- Task prompt: Go through the listing below and write out exactly the lines from the one that mentions "Anthophora sp plumipes114.jpg" through the one that mentions "swietenia-mahagoni-mahogany-tree", minus the pictures.

- Input data:
Start of Block

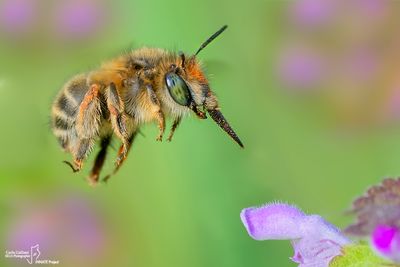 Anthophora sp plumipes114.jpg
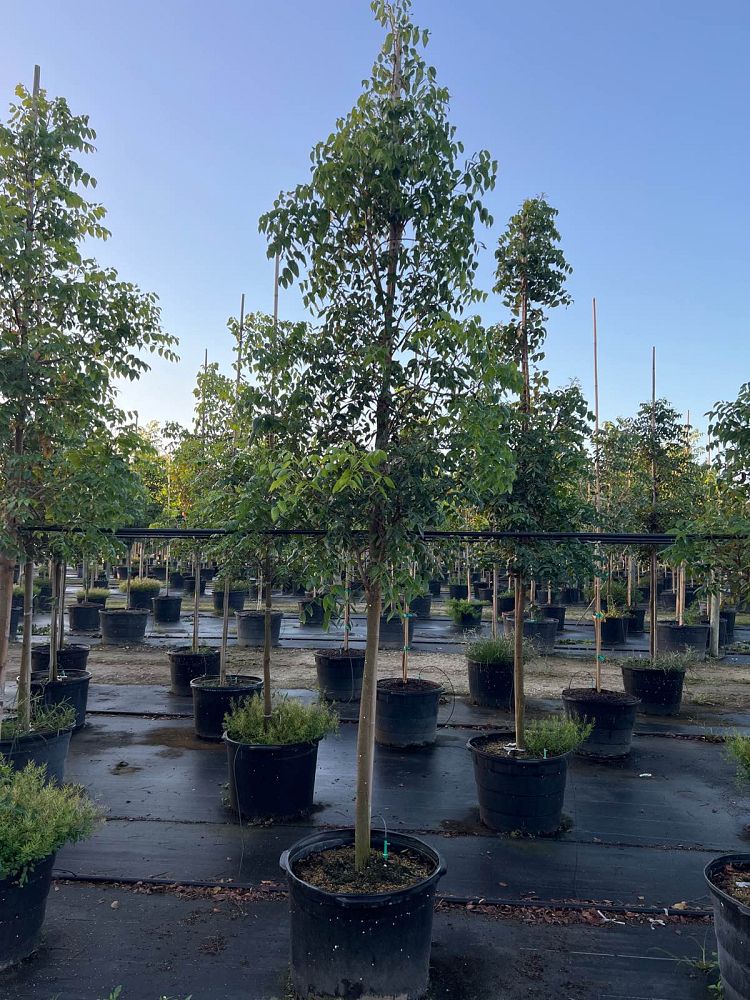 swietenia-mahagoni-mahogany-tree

End of Block
Start of Block

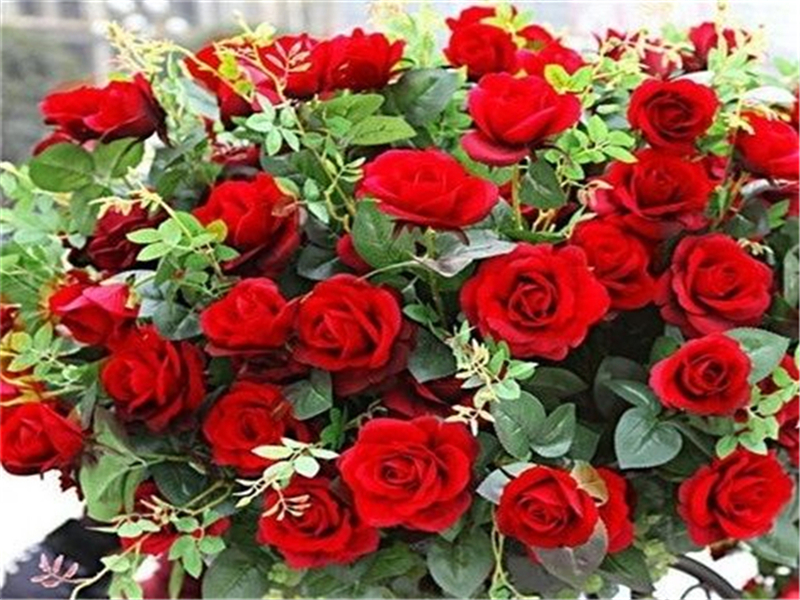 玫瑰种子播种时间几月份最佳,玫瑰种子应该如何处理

End of Block

- Result:
 Anthophora sp plumipes114.jpg
 swietenia-mahagoni-mahogany-tree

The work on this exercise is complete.